When you say, “big city,” I hear “New York/LA/Chicago.” Hopefully this is what you mean, otherwise, I’m wasting my time. If I find out that you’re moving to Minneapolis, you’re gonna have one angry Babe on your doorstep waiting to administer a stern slap, followed by a limp (but heartfelt) hug, because I despise having to slap people.
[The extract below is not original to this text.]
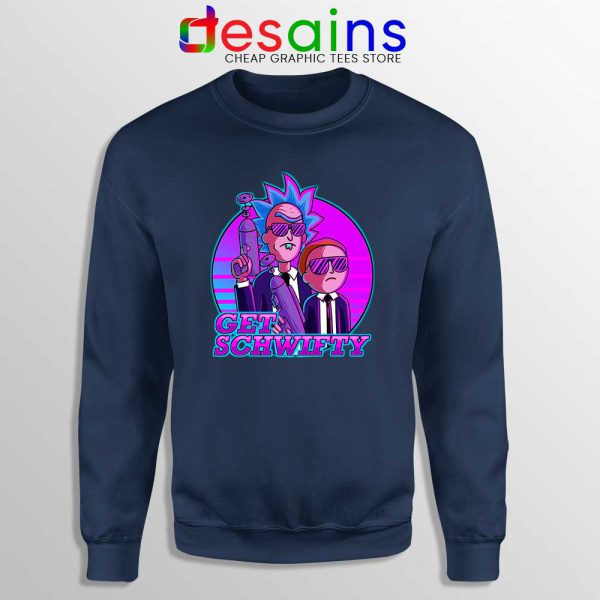 Get Schwifty Men in Black Sweatshirt Navy Rick and Morty Sweater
Spreading your wings in a new city means dating lots of guys you’re not into/hate until you finally date the one guy you’ll love forever, but eventually scare away (please call me, Robert. PLEASE. Even a text/email/letter would be fine). So prepare yourself for the following duds:

Short Guy

This will happen to you, because it happens to every girl at some point in their life: You’ll meet a guy who’s into you, who seems cute and trustworthy, who seems tall enough. Then you’ll realize he’s a midget. Then you’ll spend way too much time trying to convince yourself that the relationship could work, and that you’ll be fine wearing flats for the rest of your life. But it’s not going to work because a lifetime spent in flats is not a life worth living. Date a short guy for 24 hours, just to reaffirm that you’re alive and out there. Then break up.

Rich Guy

This guy will try to sweep you off your feet with his Maserati and his sleek apartment and expensive dinners, but so what? Maseratis are like, the least smooth rides out there–it’s literally like being driven around in a horse-drawn carriage. Also, you live in a chic apartment that your parents are probably paying for, and you don’t eat dinner, so this guy is only really good for sex. If he has a big (but not massive) penis and he’s tall with nice hands and good teeth, date him for four to six months.
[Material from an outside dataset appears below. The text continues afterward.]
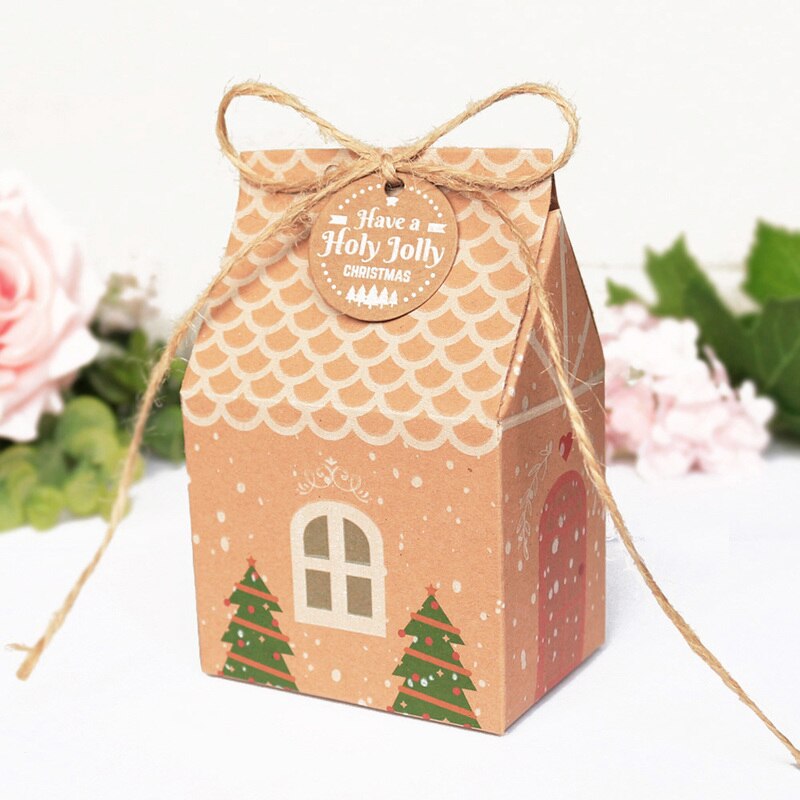Kraft Papier Boîte Joyeux Noël Maison Forme Rétro Boîte De Stockage De Papier De Noël Décoration De Fête Accessoires De Bureau 5 ensembles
Once you’re done with the rich guy, you will most certainly find yourself in the bed of an ambiguously unemployed, albeit gorgeous, individual. You might even end up getting a tattoo of his name somewhere on your body. You will be blinded by what you think is “love” but is really the smell of his roommate’s dirty sheets that he’s using as a door, because he lives in a loft downtown with five people that can hear (and are always listening to) you guys fucking. If it’s been a year and this is the case, get out of there. Get the hell out of there. And get that tattoo removed.

John Mayer

There’s kind of no escaping this one. Whatever city you land in, he’ll be there, and you guys will date, and then it will be over. It’s inevitable, just accept it and move on.

So there you have it. But honestly, if you want to be chicer you should date a woman, and if you want to be more well-rounded you should travel a ton. I wish you the best of luck in your new city, and whatever you do, DON’T wear the above outfit unless you want to appear 2,000 lbs heavier than you actually are.